Write out exactly the lines of the entries below from the one holding "Ocean Crawler Ceramic-Enamel" to the one holding "www.minimonsterparty.com", inclusive, and leave out all other lines.

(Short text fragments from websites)

━━━━

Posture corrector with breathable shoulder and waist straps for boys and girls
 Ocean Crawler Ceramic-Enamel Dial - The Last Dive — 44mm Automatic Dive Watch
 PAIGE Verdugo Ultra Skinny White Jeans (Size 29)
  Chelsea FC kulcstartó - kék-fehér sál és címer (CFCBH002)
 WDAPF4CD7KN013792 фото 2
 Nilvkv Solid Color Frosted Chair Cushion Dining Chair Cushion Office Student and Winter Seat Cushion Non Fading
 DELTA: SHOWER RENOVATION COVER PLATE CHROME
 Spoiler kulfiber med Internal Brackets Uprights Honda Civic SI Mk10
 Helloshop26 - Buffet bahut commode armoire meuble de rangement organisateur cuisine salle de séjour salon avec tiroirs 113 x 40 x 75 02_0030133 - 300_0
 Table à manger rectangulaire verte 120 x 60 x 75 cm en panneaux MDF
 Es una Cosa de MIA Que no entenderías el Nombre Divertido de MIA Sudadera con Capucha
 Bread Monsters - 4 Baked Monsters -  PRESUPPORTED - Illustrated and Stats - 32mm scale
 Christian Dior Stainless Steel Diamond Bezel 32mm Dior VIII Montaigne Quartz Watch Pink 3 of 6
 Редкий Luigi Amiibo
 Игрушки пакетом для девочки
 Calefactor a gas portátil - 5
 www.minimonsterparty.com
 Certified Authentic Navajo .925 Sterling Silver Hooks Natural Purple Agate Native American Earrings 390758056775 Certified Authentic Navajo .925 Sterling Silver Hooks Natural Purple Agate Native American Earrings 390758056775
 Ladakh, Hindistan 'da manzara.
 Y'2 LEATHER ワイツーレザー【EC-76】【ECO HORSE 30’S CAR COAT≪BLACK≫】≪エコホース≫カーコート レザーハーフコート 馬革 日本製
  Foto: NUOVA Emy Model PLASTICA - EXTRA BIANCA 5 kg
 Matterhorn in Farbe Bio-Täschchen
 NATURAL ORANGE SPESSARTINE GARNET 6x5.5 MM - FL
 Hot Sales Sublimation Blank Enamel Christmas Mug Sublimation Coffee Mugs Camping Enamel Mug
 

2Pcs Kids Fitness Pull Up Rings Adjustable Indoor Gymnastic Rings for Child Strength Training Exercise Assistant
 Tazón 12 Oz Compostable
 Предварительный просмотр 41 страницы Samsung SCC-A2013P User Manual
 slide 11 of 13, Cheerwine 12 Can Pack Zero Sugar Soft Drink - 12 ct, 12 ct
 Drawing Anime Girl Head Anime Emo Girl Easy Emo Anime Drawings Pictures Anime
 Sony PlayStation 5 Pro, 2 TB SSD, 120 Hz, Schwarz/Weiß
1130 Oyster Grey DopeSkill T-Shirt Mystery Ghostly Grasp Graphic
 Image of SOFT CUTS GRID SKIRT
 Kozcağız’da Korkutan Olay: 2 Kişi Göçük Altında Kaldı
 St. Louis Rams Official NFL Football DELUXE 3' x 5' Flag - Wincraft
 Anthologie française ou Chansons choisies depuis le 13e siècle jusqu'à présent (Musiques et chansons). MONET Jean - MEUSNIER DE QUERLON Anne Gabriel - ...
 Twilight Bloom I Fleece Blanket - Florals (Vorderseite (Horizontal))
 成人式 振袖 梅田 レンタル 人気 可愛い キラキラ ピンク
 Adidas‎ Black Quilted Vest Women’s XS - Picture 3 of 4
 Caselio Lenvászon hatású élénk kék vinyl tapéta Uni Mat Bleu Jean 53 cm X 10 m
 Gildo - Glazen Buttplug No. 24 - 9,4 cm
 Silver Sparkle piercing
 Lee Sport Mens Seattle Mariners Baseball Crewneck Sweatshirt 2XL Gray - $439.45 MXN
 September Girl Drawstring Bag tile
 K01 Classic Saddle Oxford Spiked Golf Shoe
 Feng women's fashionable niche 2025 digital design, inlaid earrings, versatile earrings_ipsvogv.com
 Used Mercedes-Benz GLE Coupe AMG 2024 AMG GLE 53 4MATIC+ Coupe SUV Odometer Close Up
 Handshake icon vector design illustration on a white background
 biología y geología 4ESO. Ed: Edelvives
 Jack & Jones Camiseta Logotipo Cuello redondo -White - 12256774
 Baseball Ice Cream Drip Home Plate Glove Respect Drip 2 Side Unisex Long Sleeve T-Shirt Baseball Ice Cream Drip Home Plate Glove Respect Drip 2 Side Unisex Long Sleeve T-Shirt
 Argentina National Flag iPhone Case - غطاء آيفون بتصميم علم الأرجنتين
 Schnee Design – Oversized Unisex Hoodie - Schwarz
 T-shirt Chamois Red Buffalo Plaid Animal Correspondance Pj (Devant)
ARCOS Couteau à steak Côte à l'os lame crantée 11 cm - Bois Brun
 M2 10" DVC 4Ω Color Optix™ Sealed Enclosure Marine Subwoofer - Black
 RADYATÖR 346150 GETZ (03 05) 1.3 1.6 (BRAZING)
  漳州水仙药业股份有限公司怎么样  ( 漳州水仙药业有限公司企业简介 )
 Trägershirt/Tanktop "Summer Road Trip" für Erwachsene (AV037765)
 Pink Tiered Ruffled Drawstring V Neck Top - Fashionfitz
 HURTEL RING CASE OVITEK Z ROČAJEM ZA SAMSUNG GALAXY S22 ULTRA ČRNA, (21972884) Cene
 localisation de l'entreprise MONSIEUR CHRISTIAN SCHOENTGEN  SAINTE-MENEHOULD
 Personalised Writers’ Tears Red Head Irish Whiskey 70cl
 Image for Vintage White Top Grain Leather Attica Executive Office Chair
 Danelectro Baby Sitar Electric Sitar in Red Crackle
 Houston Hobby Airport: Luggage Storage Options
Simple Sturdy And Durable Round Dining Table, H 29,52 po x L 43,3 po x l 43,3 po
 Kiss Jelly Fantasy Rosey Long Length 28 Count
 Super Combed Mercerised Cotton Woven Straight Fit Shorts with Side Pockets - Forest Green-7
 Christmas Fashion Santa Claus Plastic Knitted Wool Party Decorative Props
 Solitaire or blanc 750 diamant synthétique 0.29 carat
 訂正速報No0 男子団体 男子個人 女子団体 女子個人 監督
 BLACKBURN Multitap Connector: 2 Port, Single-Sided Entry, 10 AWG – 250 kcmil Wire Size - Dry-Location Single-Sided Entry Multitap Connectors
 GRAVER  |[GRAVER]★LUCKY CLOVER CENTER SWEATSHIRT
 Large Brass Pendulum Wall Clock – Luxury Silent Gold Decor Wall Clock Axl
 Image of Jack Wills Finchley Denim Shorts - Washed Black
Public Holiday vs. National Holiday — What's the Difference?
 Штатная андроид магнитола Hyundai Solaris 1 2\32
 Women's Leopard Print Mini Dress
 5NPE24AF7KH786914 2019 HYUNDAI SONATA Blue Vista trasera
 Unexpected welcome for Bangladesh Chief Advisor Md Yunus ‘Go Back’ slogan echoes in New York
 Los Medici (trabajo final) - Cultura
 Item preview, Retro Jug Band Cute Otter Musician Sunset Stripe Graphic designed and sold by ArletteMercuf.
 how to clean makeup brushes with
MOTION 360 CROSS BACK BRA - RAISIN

━━━━

### [Task output]
 Ocean Crawler Ceramic-Enamel Dial - The Last Dive — 44mm Automatic Dive Watch
 PAIGE Verdugo Ultra Skinny White Jeans (Size 29)
  Chelsea FC kulcstartó - kék-fehér sál és címer (CFCBH002)
 WDAPF4CD7KN013792 фото 2
 Nilvkv Solid Color Frosted Chair Cushion Dining Chair Cushion Office Student and Winter Seat Cushion Non Fading
 DELTA: SHOWER RENOVATION COVER PLATE CHROME
 Spoiler kulfiber med Internal Brackets Uprights Honda Civic SI Mk10
 Helloshop26 - Buffet bahut commode armoire meuble de rangement organisateur cuisine salle de séjour salon avec tiroirs 113 x 40 x 75 02_0030133 - 300_0
 Table à manger rectangulaire verte 120 x 60 x 75 cm en panneaux MDF
 Es una Cosa de MIA Que no entenderías el Nombre Divertido de MIA Sudadera con Capucha
 Bread Monsters - 4 Baked Monsters -  PRESUPPORTED - Illustrated and Stats - 32mm scale
 Christian Dior Stainless Steel Diamond Bezel 32mm Dior VIII Montaigne Quartz Watch Pink 3 of 6
 Редкий Luigi Amiibo
 Игрушки пакетом для девочки
 Calefactor a gas portátil - 5
 www.minimonsterparty.com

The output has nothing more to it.